Rafał Górski: Pani Katarzyno, co łączy „Akademię pana Kleksa”, „Elementarz” i „Świerszczyk”?
Katarzyna Czech: Przede wszystkim są to pozycje skierowane do dzieci. W kontekście naszej dzisiejszej rozmowy najważniejsze jest to, iż są powiązane nazwiskami artystów-ilustratorów, którzy zdobyli nagrody podczas wystawy książki w Lipsku w 1959 roku.
Rok 1959 to ważna data, ponieważ od tego czasu rozpoczyna się pasmo sukcesów naszej sztuki ilustratorskiej.
Przywieźliśmy mnóstwo medali: dwa złote i kilka srebrnych oraz brązowych. Olga Siemaszko, która była redaktorem artystycznym „Świerszczyka”, otrzymała w Lipsku złoty medal. Jan Marcin Szancer, ilustrator „Akademii pana Kleksa”, zdobył srebro, a Janusz Grabiański zdobył medal brązowy. Janusz Grabiański znany jest przede wszystkim jako twórca szaty graficznej do najbardziej znanej wersji „Elementarza” z roku 1974.
Po tej wystawie z 1959 roku nasi artyści brali już udział w wielu międzynarodowych konkursach i spotkaniach związanych z książką i ilustracją książkową. Mogę wymienić takie miejsca jak: Brno, Bratysława, Frankfurt nad Menem, Moskwa, Mediolan. Wszędzie zdobywali nagrody, co otworzyło nam wrota do artystycznej Europy.
Obok Polskiej Szkoły Plakatu, Polskiej Szkoły Filmowej pojawiła się właśnie grupa Polskiej Szkoły Ilustracji. Działała ona najbardziej prężnie w latach 1950-1980.
Wydawałoby się, iż okres PRL-u był trudny dla artystów, jednak władze komunistyczne traktowały książkę jako sojusznika w krzewieniu edukacji i kultury. Ilustracja książki dziecięcej nie miała podłoża ideologicznego, więc władze nie ingerowały w twórczość artystów, co dawało im dużą swobodę.
Z czego wynikał taki wysyp polskich talentów?
Wydaje mi się, iż w Polsce nigdy nie brakowało ludzi zdolnych i utalentowanych, a takie wydarzenia – jak wspomniana wystawa w Lipsku – bardzo często otwierają drogę w świat. Ilustratorzy kształceni byli po wojnie przez artystów przedwojennych. Jan Marcin Szancer był przedwojennym wykładowcą i kilku znanych twórców ilustracji dziecięcej było jego studentami.

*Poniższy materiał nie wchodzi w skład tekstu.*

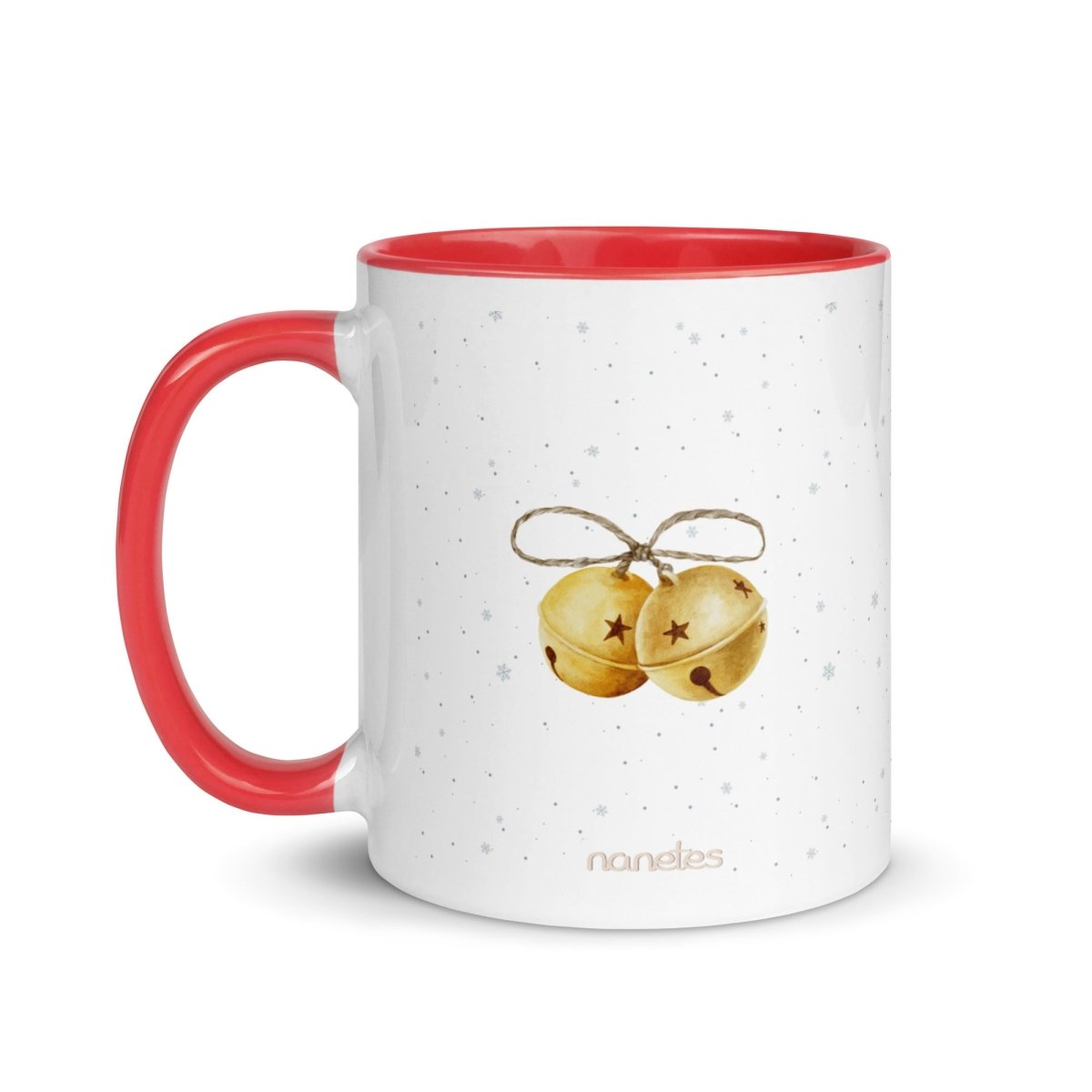 Taza Navidad Personalizada Arbol Pingu Nanetes - Nanetes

Ponadto myślę, iż czasy wojny blokowały twórczość, więc po trudnym czasie wojennym, artyści chcieli wrócić do życia i euforii tworzenia.
Czy polska ilustracja dziecięca przez cały czas osiąga sukcesy?
Najbardziej twórczy okres w polskiej ilustracji dziecięcej przypadał na lata 1950-1980, jednakże wielu artystów działało jeszcze po roku 1980. Niektórzy tworzą do tej pory, na przykład Józef Wilkoń, który zresztą był zdobywcą drugiego złotego medalu w Lipsku razem z Olgą Siemaszko.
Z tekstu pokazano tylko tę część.